Back in January, T-Mobile (USA) CEO John Leger called AT&T’s network “crap” during the carrier’s CES keynote, rhetorically asking the audience “Does anyone use AT&T in New York City? Is anyone satisfied with their service?”

AT&T didn’t take too kindly to Leger’s comments, and now, 2 months later, it has fired back with a new print ad that started hitting The Wall Street Journal, The New York Times and several other major publications yesterday…

The ad, which can be seen in the image above, reads like this (via TmoNews):

“The truth about T-Mobile’s network compared to AT&T. 2x more dropped calls. 2x more failed calls. 50% slower download speeds. Don’t be fooled by their misleading claims. For the better network experience, count on AT&T.”

Now, this might seem like the pot is calling the kettle black—given all of the criticism AT&T has taken over the years for its network performance—but AT&T spokesman Mark Siegel says that the ad is just a friendly reminder for folks.

“T-Mobile’s advertising is a combination of misguided and just plain wrong,” said Mark Siegel, a spokesman for Dallas- based AT&T. The company’s ads today are “just a friendly reminder of the fact that independent third-party testing says AT&T’s network delivers faster speeds and fewer dropped calls than them.”

It’s no surprise that the two carriers are going at it.

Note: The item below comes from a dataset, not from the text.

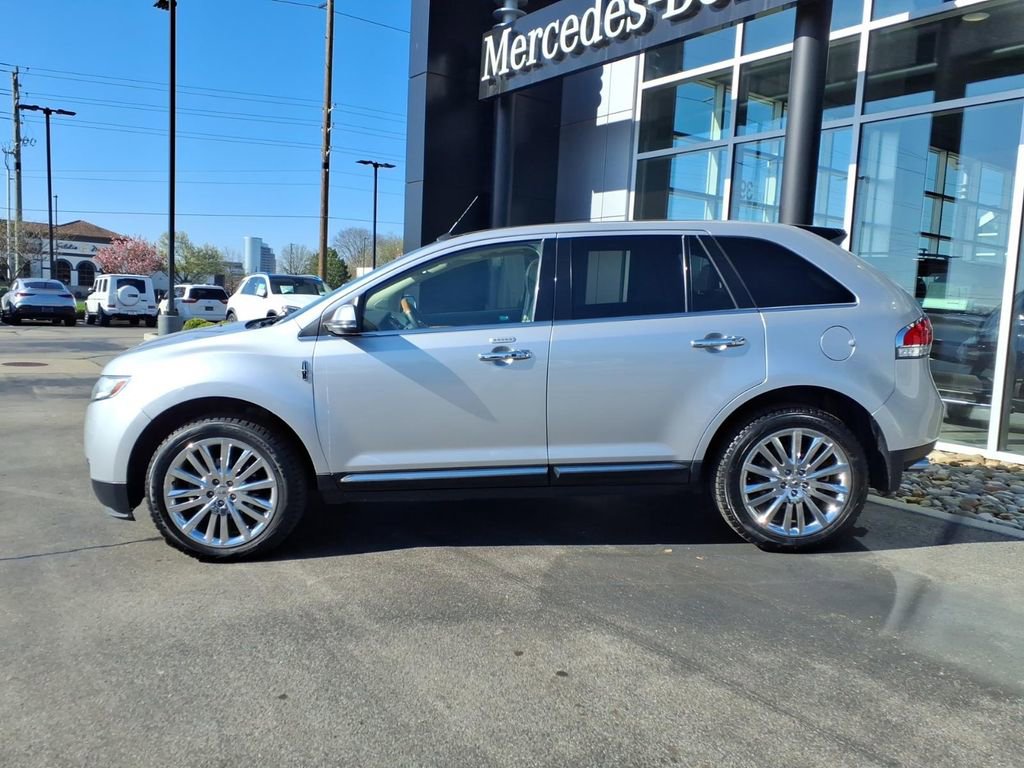 Used 2014 Lincoln MKX AWD w/ Equipment Group 101A image 3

They’ve been at odds since AT&T’s acquisition plans fell through. But what makes this public beef significant is that T-Mobile is about to introduce some major service changes.

The nation’s 4th largest wireless provider plans to eliminate device subsides, along with early termination fees and long-term contracts, as well as implement new installment payment plans for its equipment as early as next month.

T-Mobile is also expected to begin offering Apple products for the first time at some point in the near future. This move has been rumored about for years, but it’s been confirmed this time around by both Apple and Deutsche Telekom.